For an introduction of the Terraform basics you can be learn from the excellent Terraform documentation

The scope of this is related with learned lessons or things that I wish I knew before working with Terraform that may help to save some time before starting using Terraform on a project.

Always use Terraform

Terraform is a tool for building, changing and versioning infrastructure safely and efficiently, helping you to define your Infrastructure as Code (IaC). Using Terraform and then making changes with other tools besides Terraform (eg Web Consoles, CLI Tools, or SDK) will create inconsistencies and affect the stability and confidence of the infrastructure.

Terraform will try to maintain the previously defined state, and any of the manual changes won’t be on the defined VCS, so if a redeployment is required, those changes will be lost.
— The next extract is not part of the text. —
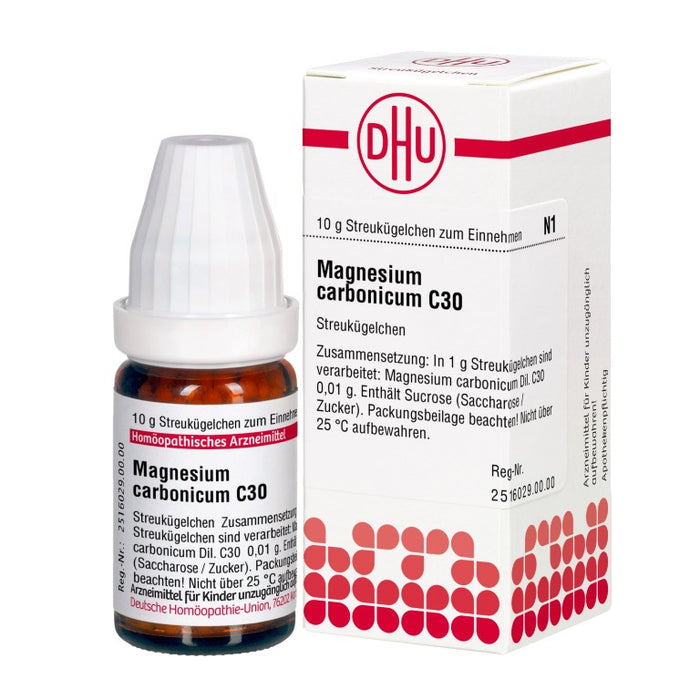 DHU Magnesium carbonicum C30 Streukügelchen, 10 g Globules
Exceptions can be necessary, but these are only for specific needs like security restrictions (Key Pairs) or the specific debugging of issues (security group rules). But keep in mind that these changes should affect controlled components.
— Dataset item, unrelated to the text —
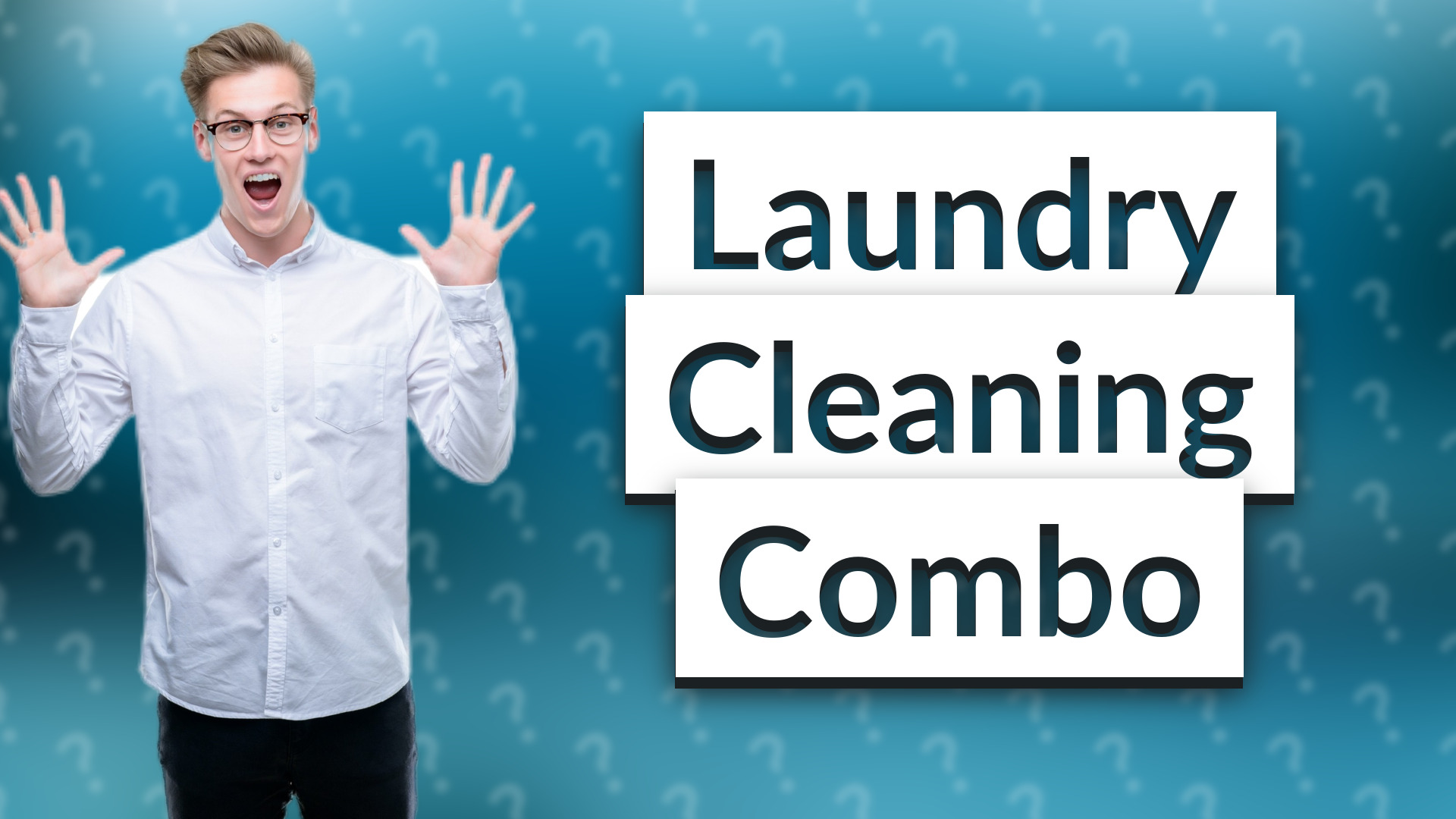 Laundry Cleaning Combo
Use Modules to avoid repetitive work

How do you avoid having to copy and paste the code for the same app deployed in multiple environments, such as stage/services/frontend-app and prod/services/frontend-app?

Modules in Terraform allow you to reuse predefined resource structures. Using modules will decrease the snowflake effect and provide a great way to reuse existing infrastructure code.
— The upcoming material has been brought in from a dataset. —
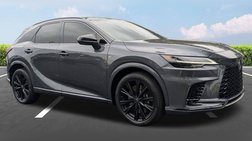 2024 Lexus RX 500h F SPORT Performance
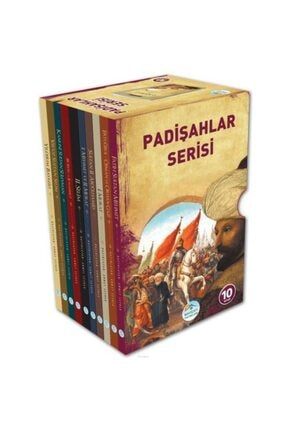 Padişahlar Serisi - 10 Kitap Kutulu TYC00136952457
Modules have some variables as inputs, which are located in different places (eg. A different folder, or even a different repository). They define elements from a provider and can define multiple resources in themselves:

# my_module.tf:

resource "aws_launch_configuration" "launch_configuration" {
  name = "${var.environment}-launch-configuration-instance"
  image_id = "ami-04681a1dbd79675a5"
  instance_type = "t3.micro"
}

resource "aws_autoscaling_group" "autoscaling_group" {
  launch_configuration = "${aws_launch_configuration.launch_configuration.id}"
  availability_zones = ["us-east-1a"]
  min_size = "${var.min_size}"
  max_size = "${var.max_size}"
}

Modules are called using the module block in our Terraform configuration file, variables are defined according to the desired requirement. In the example above, we call the module twice but with different values for each different environment.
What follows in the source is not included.